This would, of course, screw up traditional statistics and the pitchers would likely rebel, but I'd be interested in seeing if it would work.
I like this idea. Frees up starters to think in terms of 60-70 near max-effort pitches, instead of conserving / allocating effort across 110 pitches. MPH does seem to have about the strongest causal relationship with limiting opponent BA. Let's free up our pitchers to throw a higher percentage of max effort pitches by reducing their targeted pitch load on any given outing.
The Rockies did this in 2012 I think. It, uh, didn't work.
Not really, though. They had a six man rotation, but they weren't piggy-backing starters or anything like that.
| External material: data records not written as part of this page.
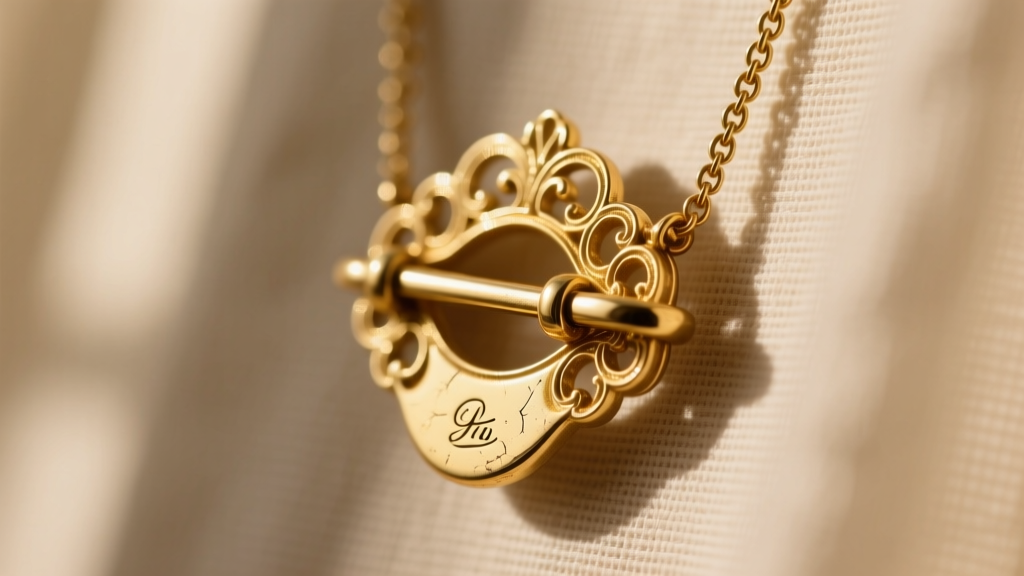 Close-up of a vintage gold necklace clasp with a tiny maker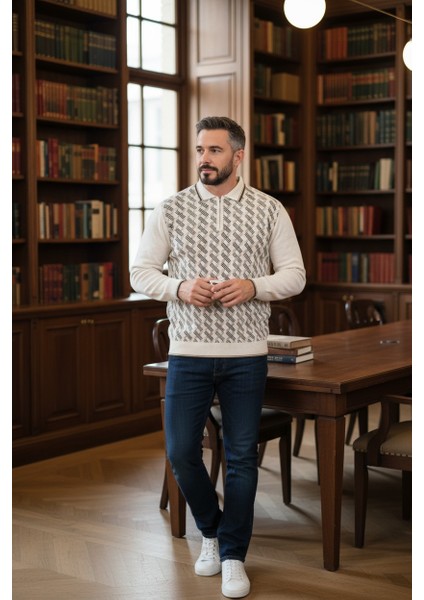 Erkek Çelik Örgü Gömlek Yaka Fermuarlı Polo Yakalı Piramit Desen Tüylenmeyen Triko Kışlık Baba Kazak fırsatları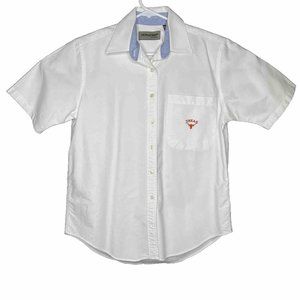Thomas Bros Texas Longhorns Shirt Men’s Small White Short Sleeve Button Up
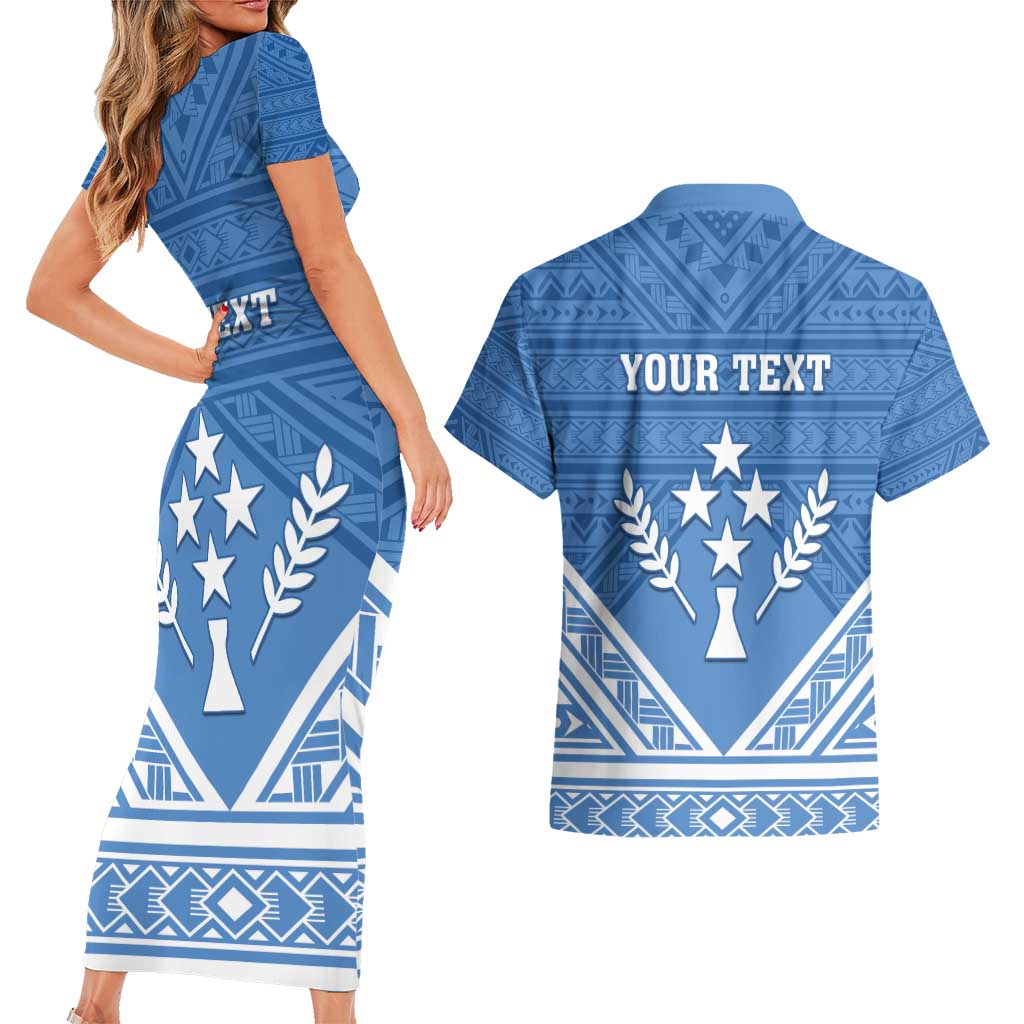 Personalised Kosrae State Gospel Day Couples Matching Short Sleeve Bodycon Dress and Hawaiian Shirt Simple Style LT05 - Polynesian Pride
If I recall correctly the Rockies weren't doing this with Walter Johnson, Bob Gibson, and Old Hoss Radbourne, but instead the pitching staff of the Colorado Rockies. So, chances are whatever strategy they tried would be an epic fail. Also, n=1.
Tony La Russa tried something like this in 1993, using six starters in a three-day rotation. The theory was to use a pair of starters in tandem everyday, each of whom would go 50-60 pitches. It happened in July, after the all-star break, and the experiment ended pretty quickly. The guys who weren't good enough to pitch a solid 6 innings weren't able to throw a solid 3 innings either.
I think Sam's idea for an all-bullpen staff could work, but you still have to have guys that can pitch. A staff of twelve lousy pitchers is going to be lousy no matter how you spread them out.